Exercise goal = A faithful, complete copy of the entries is the sole expected answer.
BEGIN
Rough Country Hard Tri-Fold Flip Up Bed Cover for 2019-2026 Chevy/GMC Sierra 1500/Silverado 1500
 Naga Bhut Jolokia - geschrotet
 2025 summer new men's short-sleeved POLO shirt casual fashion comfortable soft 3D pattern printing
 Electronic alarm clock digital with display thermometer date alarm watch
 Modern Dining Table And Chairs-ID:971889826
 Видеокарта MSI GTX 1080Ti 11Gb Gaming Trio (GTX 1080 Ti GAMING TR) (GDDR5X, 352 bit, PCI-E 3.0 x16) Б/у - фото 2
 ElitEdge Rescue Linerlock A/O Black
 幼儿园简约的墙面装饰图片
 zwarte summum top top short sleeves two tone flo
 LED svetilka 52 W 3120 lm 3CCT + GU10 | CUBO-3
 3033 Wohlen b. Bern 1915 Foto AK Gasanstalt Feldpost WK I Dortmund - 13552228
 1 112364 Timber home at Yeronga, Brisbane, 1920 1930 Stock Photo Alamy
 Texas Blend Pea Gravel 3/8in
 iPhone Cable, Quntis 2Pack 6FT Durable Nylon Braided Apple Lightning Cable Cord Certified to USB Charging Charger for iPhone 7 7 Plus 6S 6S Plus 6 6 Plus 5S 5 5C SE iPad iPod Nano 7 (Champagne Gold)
END
Worked solution =
Rough Country Hard Tri-Fold Flip Up Bed Cover for 2019-2026 Chevy/GMC Sierra 1500/Silverado 1500
 Naga Bhut Jolokia - geschrotet
 2025 summer new men's short-sleeved POLO shirt casual fashion comfortable soft 3D pattern printing
 Electronic alarm clock digital with display thermometer date alarm watch
 Modern Dining Table And Chairs-ID:971889826
 Видеокарта MSI GTX 1080Ti 11Gb Gaming Trio (GTX 1080 Ti GAMING TR) (GDDR5X, 352 bit, PCI-E 3.0 x16) Б/у - фото 2
 ElitEdge Rescue Linerlock A/O Black
 幼儿园简约的墙面装饰图片
 zwarte summum top top short sleeves two tone flo
 LED svetilka 52 W 3120 lm 3CCT + GU10 | CUBO-3
 3033 Wohlen b. Bern 1915 Foto AK Gasanstalt Feldpost WK I Dortmund - 13552228
 1 112364 Timber home at Yeronga, Brisbane, 1920 1930 Stock Photo Alamy
 Texas Blend Pea Gravel 3/8in
 iPhone Cable, Quntis 2Pack 6FT Durable Nylon Braided Apple Lightning Cable Cord Certified to USB Charging Charger for iPhone 7 7 Plus 6S 6S Plus 6 6 Plus 5S 5 5C SE iPad iPod Nano 7 (Champagne Gold)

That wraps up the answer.